WHAT TO DO:
Quote the listing in full, exactly as given, minus any pictures.

INFORMATION PROVIDED:
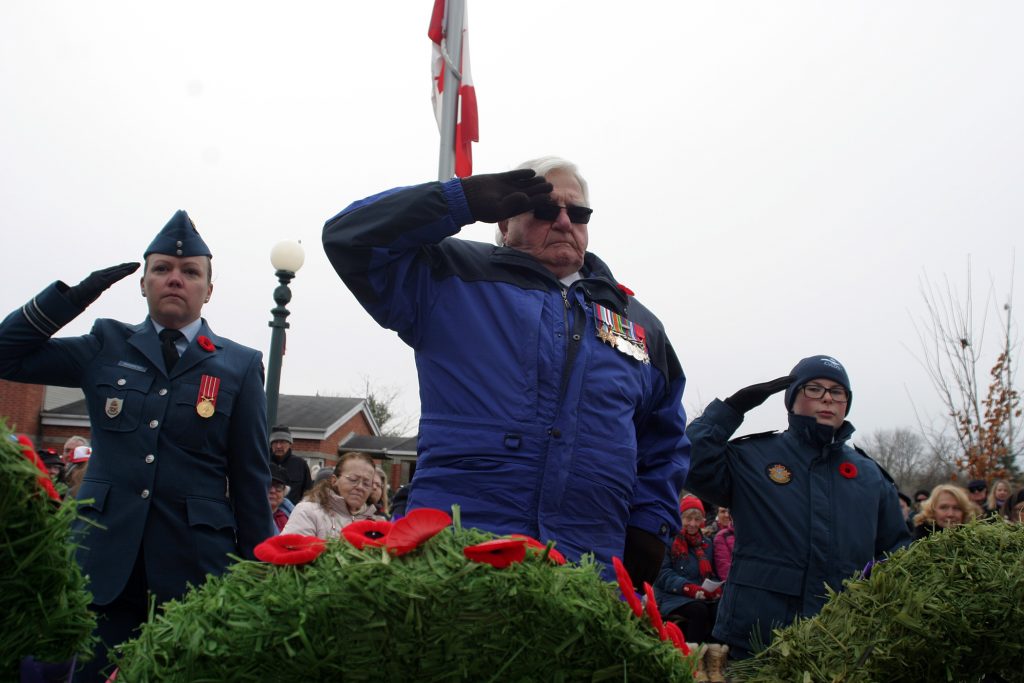 World War Two veteran, West Carleton's Dr. Roly Armitage salutes his fallen comrades after laying a wreath at the West Carleton War Memorial on Nov. 11. Photo by Jake Davies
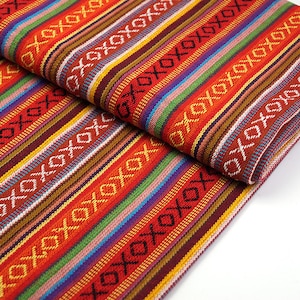 Op de afbeelding: Gevouwen stof met een levendig gestreept patroon. Het ontwerp heeft afwisselende banden van rood, oranje, geel, groen, blauw en paars, met een herhaald wit geometrisch motief. De stof lijkt geweven.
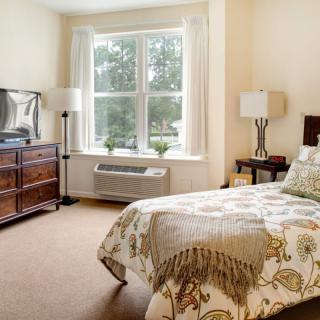 A cozy bedroom with a single bed, large window, and elegant furnishings.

SOLUTION BELOW:
 World War Two veteran, West Carleton's Dr. Roly Armitage salutes his fallen comrades after laying a wreath at the West Carleton War Memorial on Nov. 11. Photo by Jake Davies
 Op de afbeelding: Gevouwen stof met een levendig gestreept patroon. Het ontwerp heeft afwisselende banden van rood, oranje, geel, groen, blauw en paars, met een herhaald wit geometrisch motief. De stof lijkt geweven.
 A cozy bedroom with a single bed, large window, and elegant furnishings.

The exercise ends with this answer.